You will be asking what any of this has to do with Rosia Montana. If you see Rosia Montana as essentially a local issue, then it has nothing at all to do with it. Hence RMGC / McAleer’s very astute focus on the local effects of such projects. But understood as part of a profound transformation in the way people everywhere now view their environment, Rosia Montana’s significance goes well beyond its Romanian context. It is part of a paradigm shift going on the world over. Indeed, distinctions of East and West European start looking a bit provincial once you grasp the scale of this change.
That said, of course each culture responds to this, or doesn’t, in ways conditioned by its own experience.
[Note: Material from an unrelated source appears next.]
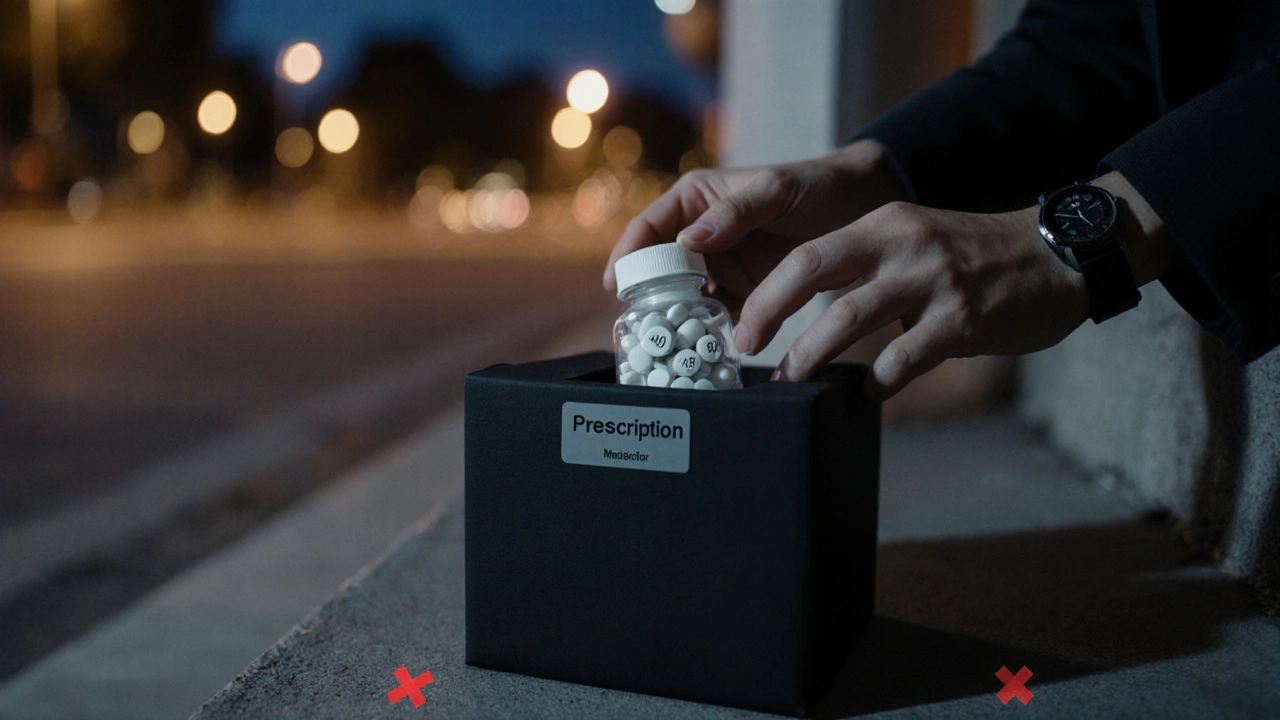 Discreet black parcel on doorstep being opened to reveal white tablets.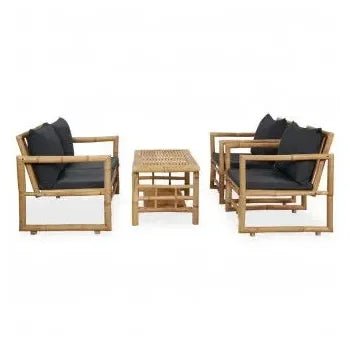 Conjunto de muebles de exterior 4 piezas de madera de bambú con cojines color gris oscuro de vidaXL 2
If it is true that Europe can only play a role here if it co-ordinates its efforts, so it must also be true that the member-states need to pool their thinking on this. The shadow of Chernobyl hung over the whole 1989 phenomenon and environmentalists played a central role in many of those revolutions, particularly in Hungary and East Germany. How has more recent experience affected environmentalists in the new accession states?
On receiving the Philadelphia Liberty Medal in 1994, the Czech playwright and President Vaclav Havel invoked Gaia theory (see below) as a paradigm for the post-Cold War world order. The US government, it seems, was not listening at the time. But Havel has turned out to be righter than even he could have known. The US government has since learned the hard way that a multi-polar interdependent world is what it will have to reckon with whether it wants to or not. I could quote another statesman at this point: ‘In the end, Americans will always do the right thing – after exploring all the alternatives.’ Winston Churchill, famously.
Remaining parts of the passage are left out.